'''

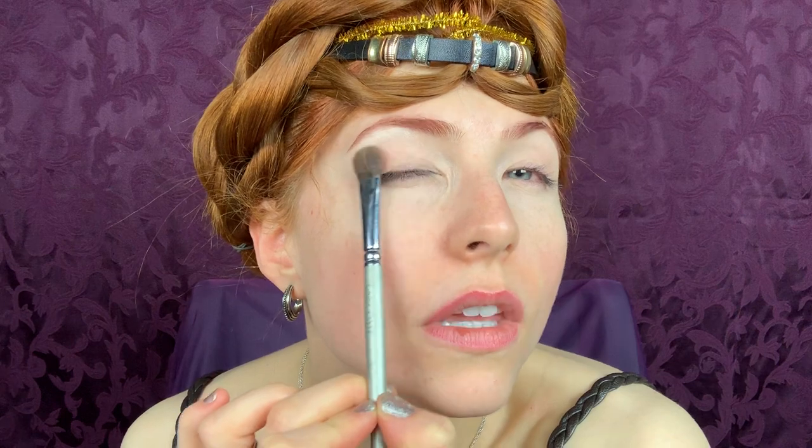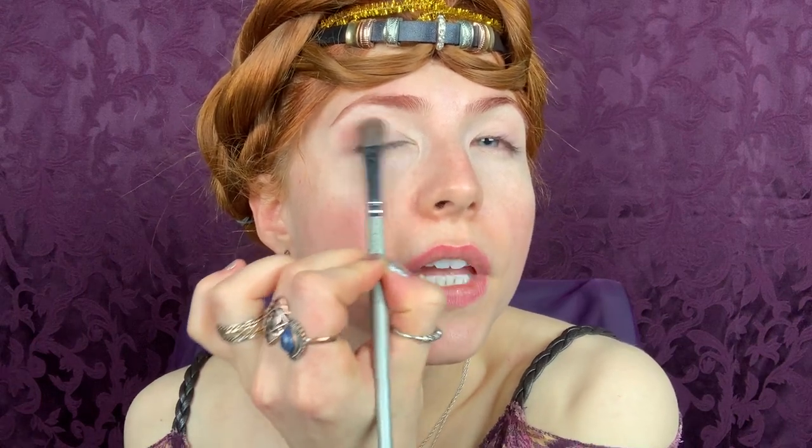I start from the outside to the inside and just blend it in. Never do it like this — that gives a much harder look. You want it more smooth and soft. That's why I hold the brush more at the end, so you get a better airbrush look.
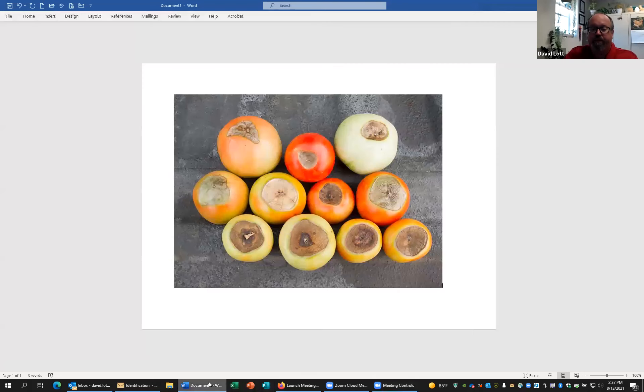Let me share my screen with you and show you what we have. Does this picture look familiar, where you have tomatoes that are growing, finally setting on color, but have a spot on the bottom? This is called blossom end rot, which is a common disorder that we find when tomatoes are developing during the summer.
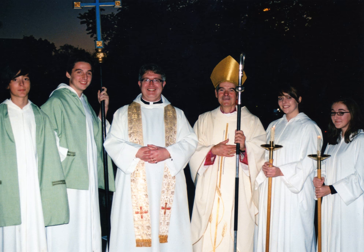A vimpa is a veil or shawl worn over the shoulders of servers who carry the mitre and crozier during liturgical functions when they are not being used by the bishop, in the Roman Catholic, Anglican, and some other Western churches.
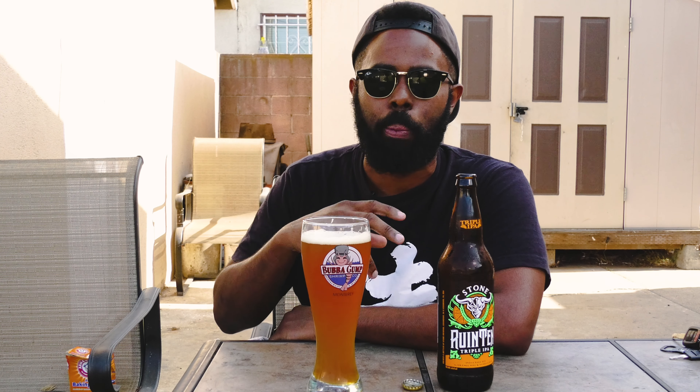Get this nice little pour in. Get a little bit of head action going on. On the pour, it's very cloudy — it almost looks unfiltered, actually. Very nice honey color, amber, deep orangish hue. As to be expected, there's a deep orange top layer. It's very top-heavy.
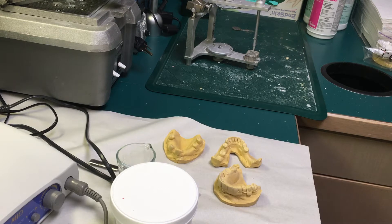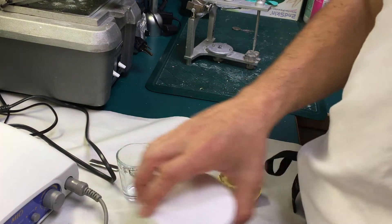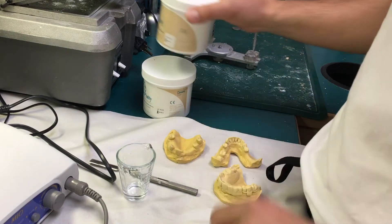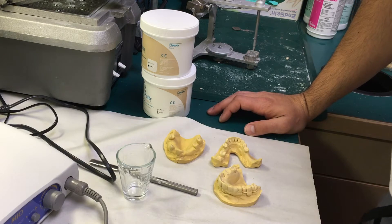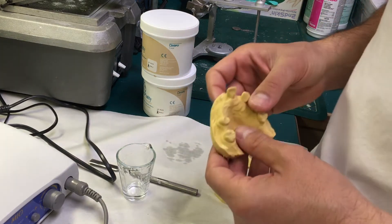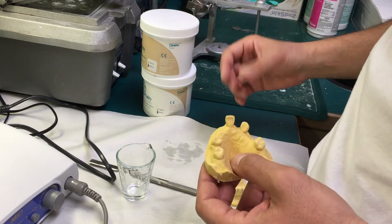This is an educational video about creating a very basic radiographic guide for a partially dentulous case, where we are going to be placing selected implants to support the removable partial denture.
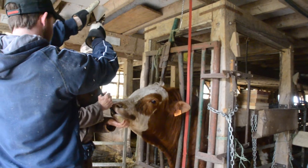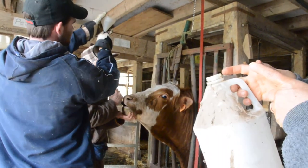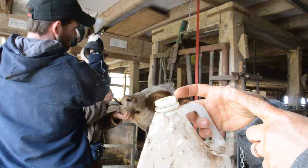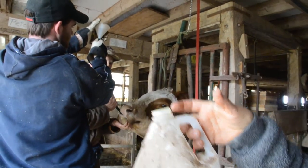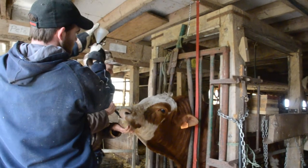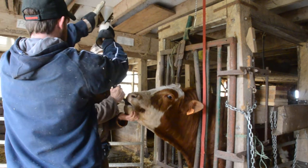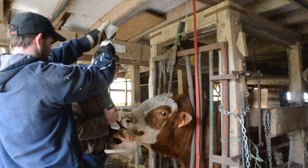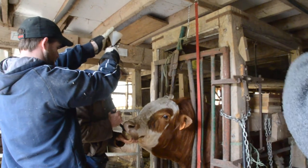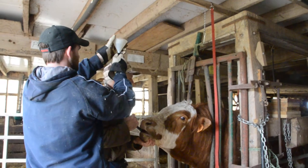The tricky thing when putting a stomach tube down is that the esophagus and the trachea join at the back of the throat, so you have to make sure you get it down the esophagus and not into the lungs. One of the tricks is to make sure the nose is below the eyes when you feed the tube in, so that it tends to go into the upper one, which is the esophagus, because the trachea is below.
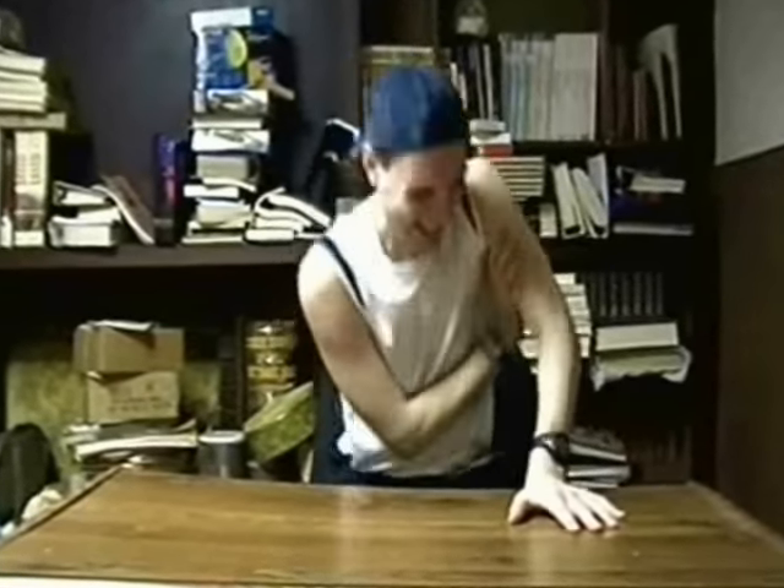Feel your bicep as you push up — it feels really tough, doesn't it? Feel the tricep — it feels really soft. Okay, this time we're gonna do the same thing, only this time you're gonna push down on the desk as hard as you can. Feel your bicep — it feels really soft. Now feel your tricep — whoa, it feels really tough!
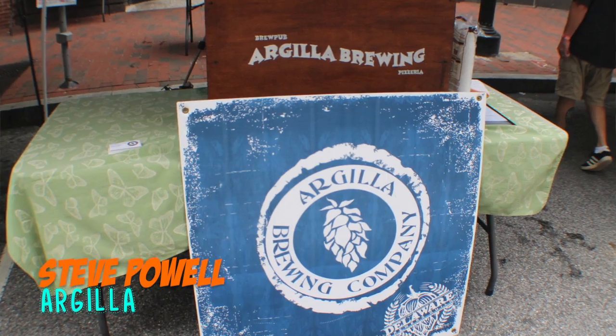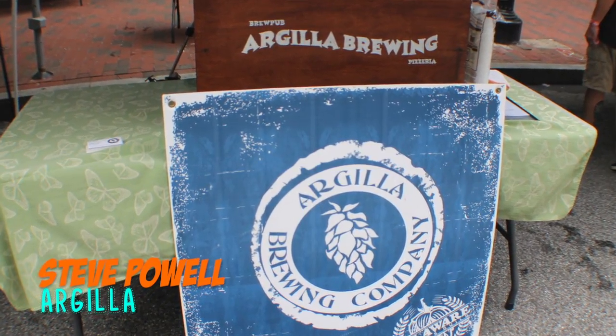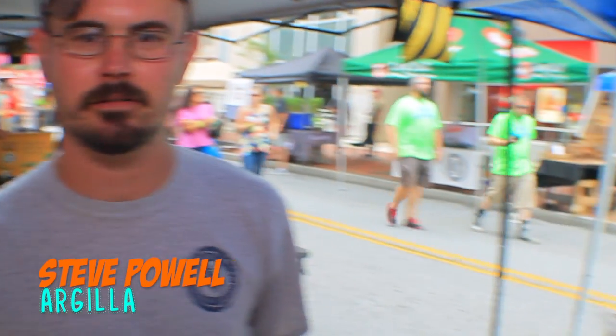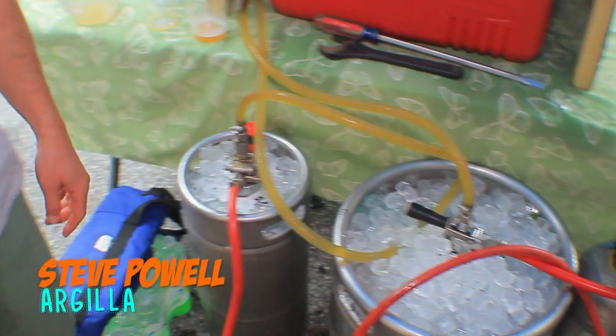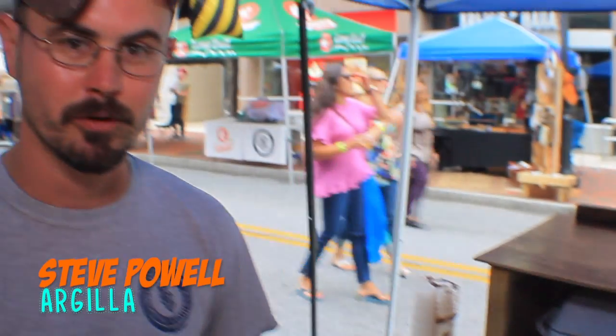Down here at the Wilmington Downtown Brewfest — the first one they've had right here on Market Street. We're pouring our Amarillo Pale Ale and our Suzanne Somers, the first time we're putting it out this summer. It's our Honey Wheat Beer, one of the three company brews that we do.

'''

### Exercise aim
From the data above, retype only the lines starting with the line with "Get this nice" and going on through the line with "The tricky thing", exactly, leaving out the pictures.

### Solution for this exercise
Get this nice little pour in. Get a little bit of head action going on. On the pour, it's very cloudy — it almost looks unfiltered, actually. Very nice honey color, amber, deep orangish hue. As to be expected, there's a deep orange top layer. It's very top-heavy.
This is an educational video about creating a very basic radiographic guide for a partially dentulous case, where we are going to be placing selected implants to support the removable partial denture.
The tricky thing when putting a stomach tube down is that the esophagus and the trachea join at the back of the throat, so you have to make sure you get it down the esophagus and not into the lungs. One of the tricks is to make sure the nose is below the eyes when you feed the tube in, so that it tends to go into the upper one, which is the esophagus, because the trachea is below.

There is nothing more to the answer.